The drive up the tree-lined allée never fails to excite at Château Margaux, which is starting some new construction on the property to house a newer bottling line and a few other changes.
The experienced Paul Pontallier has been director here since 1981, and he seemed particularly pleased at how Margaux handled the challenges of 2011.
"The difference in 2011 is very low yields, as the Margaux appellation was probably the driest spot in all of Bordeaux during what was a very dry season in general. We have the lowest yields in the last 20 years at [about 2 tons per acre]. The result is the highest tannin levels we've seen, higher than '09," said Pontallier. "So, the problem could have been balance, because if the grapes didn't ripen well and retain freshness, the tannins would have stuck out too much. But despite being an early harvest, the cool August helped retain freshness and then the late September gave us the ripeness."
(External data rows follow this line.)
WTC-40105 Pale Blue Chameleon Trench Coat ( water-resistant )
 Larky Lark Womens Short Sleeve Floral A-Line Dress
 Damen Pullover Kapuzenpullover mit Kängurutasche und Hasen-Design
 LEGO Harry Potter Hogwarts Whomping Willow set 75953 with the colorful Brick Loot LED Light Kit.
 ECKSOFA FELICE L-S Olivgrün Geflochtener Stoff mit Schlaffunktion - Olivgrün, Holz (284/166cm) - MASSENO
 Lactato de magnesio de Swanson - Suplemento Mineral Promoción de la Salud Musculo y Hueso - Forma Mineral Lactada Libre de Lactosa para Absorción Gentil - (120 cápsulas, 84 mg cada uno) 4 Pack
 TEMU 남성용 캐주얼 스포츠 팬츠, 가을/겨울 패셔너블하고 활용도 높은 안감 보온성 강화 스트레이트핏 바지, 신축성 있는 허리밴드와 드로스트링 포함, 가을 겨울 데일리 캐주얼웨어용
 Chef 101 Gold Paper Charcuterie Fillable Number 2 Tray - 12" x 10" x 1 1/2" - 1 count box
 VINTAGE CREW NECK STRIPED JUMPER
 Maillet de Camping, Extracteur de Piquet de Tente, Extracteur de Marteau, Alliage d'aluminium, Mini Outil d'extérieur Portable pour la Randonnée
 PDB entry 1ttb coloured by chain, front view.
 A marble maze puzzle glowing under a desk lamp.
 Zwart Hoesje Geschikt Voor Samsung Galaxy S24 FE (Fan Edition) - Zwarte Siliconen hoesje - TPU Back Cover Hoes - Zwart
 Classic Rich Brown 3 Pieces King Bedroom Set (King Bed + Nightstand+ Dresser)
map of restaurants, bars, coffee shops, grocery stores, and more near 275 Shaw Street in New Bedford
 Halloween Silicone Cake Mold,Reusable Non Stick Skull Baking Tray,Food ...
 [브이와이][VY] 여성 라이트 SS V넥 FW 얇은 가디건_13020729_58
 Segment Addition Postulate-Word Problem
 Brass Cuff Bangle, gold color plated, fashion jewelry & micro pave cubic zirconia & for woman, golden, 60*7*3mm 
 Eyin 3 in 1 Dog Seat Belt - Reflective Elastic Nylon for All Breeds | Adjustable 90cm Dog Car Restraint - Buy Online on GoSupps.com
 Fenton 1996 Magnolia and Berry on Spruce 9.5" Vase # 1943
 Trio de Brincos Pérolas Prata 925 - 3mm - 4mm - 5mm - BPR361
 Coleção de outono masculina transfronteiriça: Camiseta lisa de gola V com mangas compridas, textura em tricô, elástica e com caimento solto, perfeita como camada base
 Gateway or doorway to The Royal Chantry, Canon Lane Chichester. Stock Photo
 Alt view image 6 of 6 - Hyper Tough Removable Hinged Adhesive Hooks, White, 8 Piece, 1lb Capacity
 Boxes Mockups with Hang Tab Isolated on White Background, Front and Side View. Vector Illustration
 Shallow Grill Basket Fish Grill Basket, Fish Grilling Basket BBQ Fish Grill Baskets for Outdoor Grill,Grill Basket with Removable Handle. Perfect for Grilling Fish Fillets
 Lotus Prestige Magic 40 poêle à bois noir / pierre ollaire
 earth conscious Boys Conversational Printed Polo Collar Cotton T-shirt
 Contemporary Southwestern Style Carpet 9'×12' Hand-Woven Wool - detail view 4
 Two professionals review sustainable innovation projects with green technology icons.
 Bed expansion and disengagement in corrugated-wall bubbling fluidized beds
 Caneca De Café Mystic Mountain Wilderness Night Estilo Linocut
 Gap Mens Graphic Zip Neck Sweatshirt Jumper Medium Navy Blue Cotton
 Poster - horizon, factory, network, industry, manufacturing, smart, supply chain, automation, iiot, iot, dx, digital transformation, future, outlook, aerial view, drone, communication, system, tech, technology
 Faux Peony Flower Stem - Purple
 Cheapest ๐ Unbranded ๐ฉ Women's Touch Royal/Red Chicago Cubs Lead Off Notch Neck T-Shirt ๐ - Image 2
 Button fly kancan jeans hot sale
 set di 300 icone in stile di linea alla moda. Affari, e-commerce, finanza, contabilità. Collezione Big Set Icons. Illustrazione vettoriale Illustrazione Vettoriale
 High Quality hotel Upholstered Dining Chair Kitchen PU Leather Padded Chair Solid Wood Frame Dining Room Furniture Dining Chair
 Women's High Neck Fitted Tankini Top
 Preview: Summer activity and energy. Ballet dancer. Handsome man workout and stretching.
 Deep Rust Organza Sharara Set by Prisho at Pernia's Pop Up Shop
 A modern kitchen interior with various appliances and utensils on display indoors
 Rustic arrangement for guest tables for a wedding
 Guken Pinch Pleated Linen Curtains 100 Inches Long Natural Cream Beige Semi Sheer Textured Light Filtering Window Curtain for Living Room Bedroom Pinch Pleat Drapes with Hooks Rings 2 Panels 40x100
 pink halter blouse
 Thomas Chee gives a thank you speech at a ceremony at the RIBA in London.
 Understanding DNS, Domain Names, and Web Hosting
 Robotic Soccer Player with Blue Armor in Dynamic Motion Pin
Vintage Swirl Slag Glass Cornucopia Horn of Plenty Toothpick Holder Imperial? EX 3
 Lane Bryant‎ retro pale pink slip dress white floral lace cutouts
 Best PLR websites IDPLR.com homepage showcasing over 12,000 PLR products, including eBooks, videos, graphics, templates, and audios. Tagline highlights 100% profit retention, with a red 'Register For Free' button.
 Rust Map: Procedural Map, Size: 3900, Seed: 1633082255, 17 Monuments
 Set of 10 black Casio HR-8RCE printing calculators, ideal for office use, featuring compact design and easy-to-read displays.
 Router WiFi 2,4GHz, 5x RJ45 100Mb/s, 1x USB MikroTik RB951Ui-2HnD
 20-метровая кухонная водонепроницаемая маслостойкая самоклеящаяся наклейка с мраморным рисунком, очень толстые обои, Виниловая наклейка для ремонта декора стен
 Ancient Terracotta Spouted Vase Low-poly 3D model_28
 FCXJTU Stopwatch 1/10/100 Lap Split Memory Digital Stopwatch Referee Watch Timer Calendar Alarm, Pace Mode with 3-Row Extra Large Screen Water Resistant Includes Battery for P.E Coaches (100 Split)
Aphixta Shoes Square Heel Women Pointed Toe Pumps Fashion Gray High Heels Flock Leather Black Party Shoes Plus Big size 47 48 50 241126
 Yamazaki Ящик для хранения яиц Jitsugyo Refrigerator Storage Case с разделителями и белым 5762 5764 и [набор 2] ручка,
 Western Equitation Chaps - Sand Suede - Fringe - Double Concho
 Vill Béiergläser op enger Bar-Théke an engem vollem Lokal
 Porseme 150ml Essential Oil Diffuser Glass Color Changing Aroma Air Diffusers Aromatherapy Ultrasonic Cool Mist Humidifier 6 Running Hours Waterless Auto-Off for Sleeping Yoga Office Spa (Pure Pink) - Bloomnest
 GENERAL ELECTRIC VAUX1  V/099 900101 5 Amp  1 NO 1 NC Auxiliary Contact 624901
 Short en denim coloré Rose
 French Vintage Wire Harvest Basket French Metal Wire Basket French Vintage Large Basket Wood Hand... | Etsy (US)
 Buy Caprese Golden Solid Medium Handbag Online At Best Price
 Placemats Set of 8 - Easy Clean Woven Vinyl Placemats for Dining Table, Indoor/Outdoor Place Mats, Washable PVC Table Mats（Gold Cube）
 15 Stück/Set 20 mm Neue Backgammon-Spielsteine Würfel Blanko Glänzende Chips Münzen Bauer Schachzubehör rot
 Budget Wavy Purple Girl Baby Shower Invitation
"So in the end, 2011 has the characteristics of an early year and a cool year. The grapes got fully ripe but retained freshness. The difficulty was we didn't get that perfect summer that gives perfect maturity and concentration throughout the entire vineyard, as we saw in '09 or '10. Better terroirs manage water better and lesser terroirs will show that difference at a greater magnitude. The best wines are thick, but fresh, because of the drought. The lesser wines couldn't get that balance. How else can you explain that you have that many tannins, but not have a tannic wine? That's the gift of great terroir."
While there has always been a severe crop selection here, Pontallier began bottling the estate's third cut starting in 2009. It is not offered en primeur, however, and so it is not shown until formally released. The 2011 third wine, combined with the fourth portion of the crop, which is bulked out, accounts for a hefty 34 percent of the overall crop.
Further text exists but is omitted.